* _Material provided_:
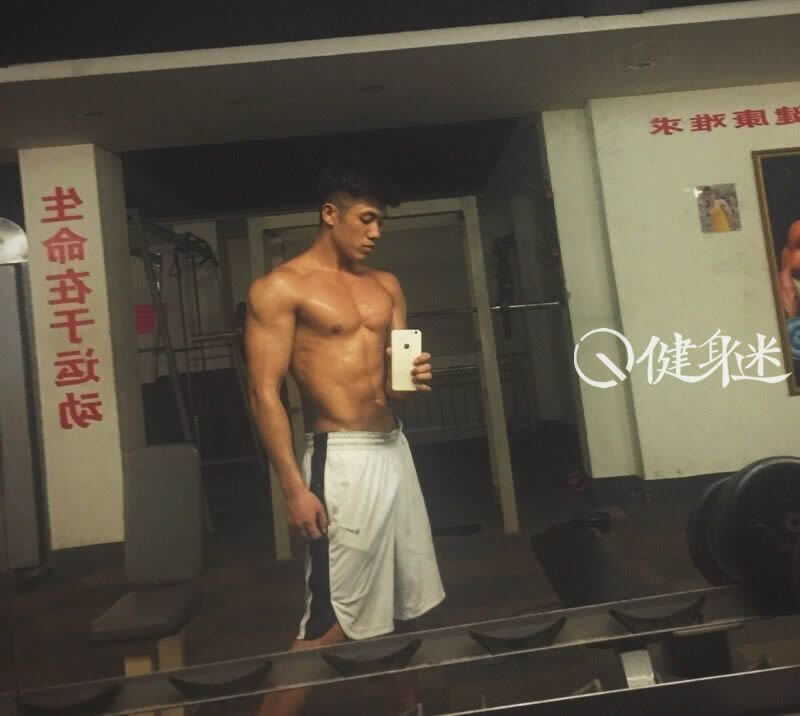 中国90后肌肉帅哥ALen 肌肉男健身房自拍图片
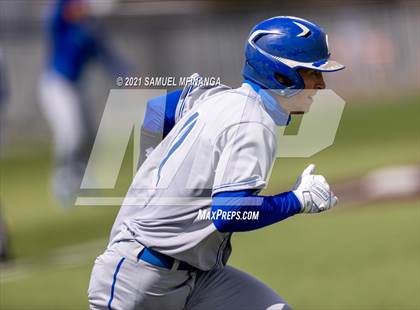 Thumbnail 2 in Omaha Westside vs. Lincoln East photogallery.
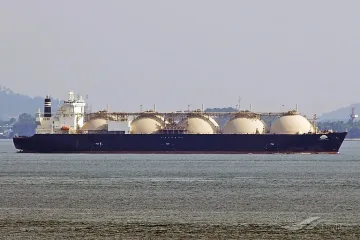 Танкер успя да премине Ормузкия проток. Проби с тактиката "зомби кораб"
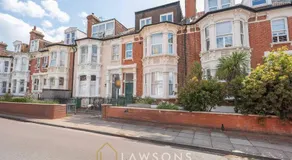 Cosy 2-Bed 1-Bath, Free Parking, Walk to Seafront - Image 5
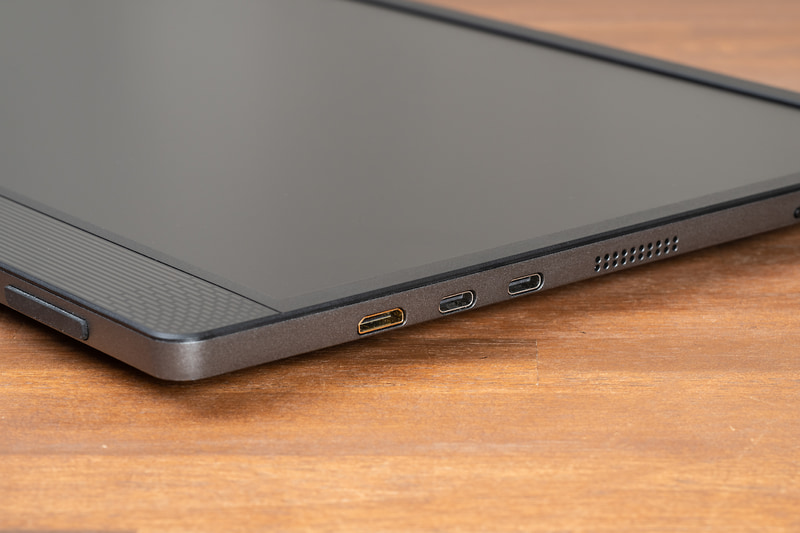 USB Type-C×2、Mini HDMIの3ポートは、入力3系統として独立して使える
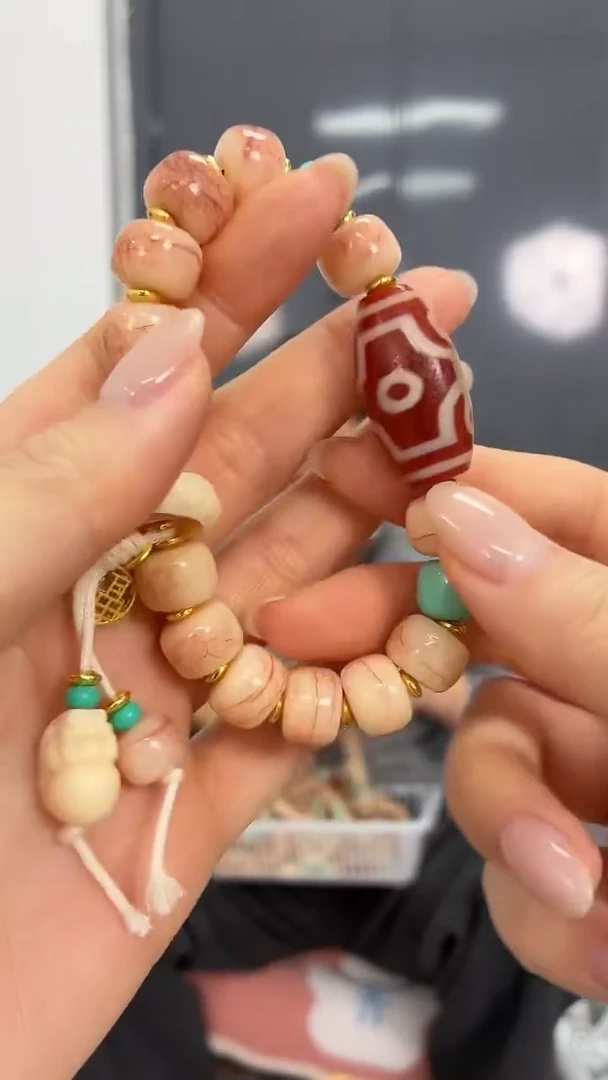 【慧慧甄选】高端轻奢手链多样性发货HF3942S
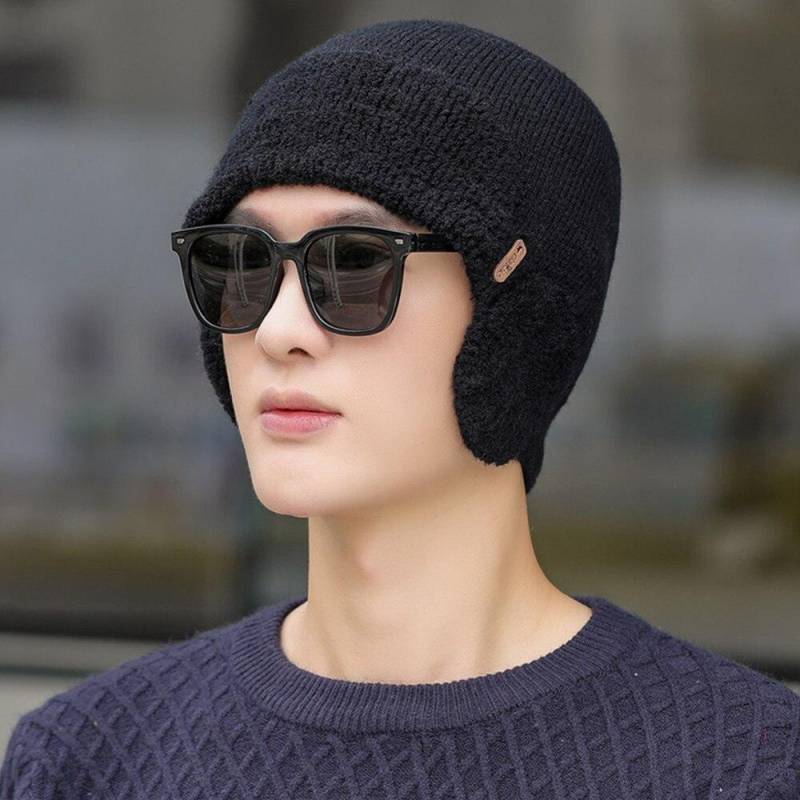 Neue Unisex-Winter-Strickmütze mit Gehörschutz, modische weiche Beanie-Mütze, für Männer und Frauen, Outdoor-Sport, Ohrenklappen-Mütze, klassisch, warm halten 55cm-62cm schwarz von Joom DACH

* _What is required_: Word for word, write out each of the records, but not the pictures.

* _Exercise solution_:
 中国90后肌肉帅哥ALen 肌肉男健身房自拍图片
 Thumbnail 2 in Omaha Westside vs. Lincoln East photogallery.
 Танкер успя да премине Ормузкия проток. Проби с тактиката "зомби кораб"
 Cosy 2-Bed 1-Bath, Free Parking, Walk to Seafront - Image 5
 USB Type-C×2、Mini HDMIの3ポートは、入力3系統として独立して使える
 【慧慧甄选】高端轻奢手链多样性发货HF3942S
 Neue Unisex-Winter-Strickmütze mit Gehörschutz, modische weiche Beanie-Mütze, für Männer und Frauen, Outdoor-Sport, Ohrenklappen-Mütze, klassisch, warm halten 55cm-62cm schwarz von Joom DACH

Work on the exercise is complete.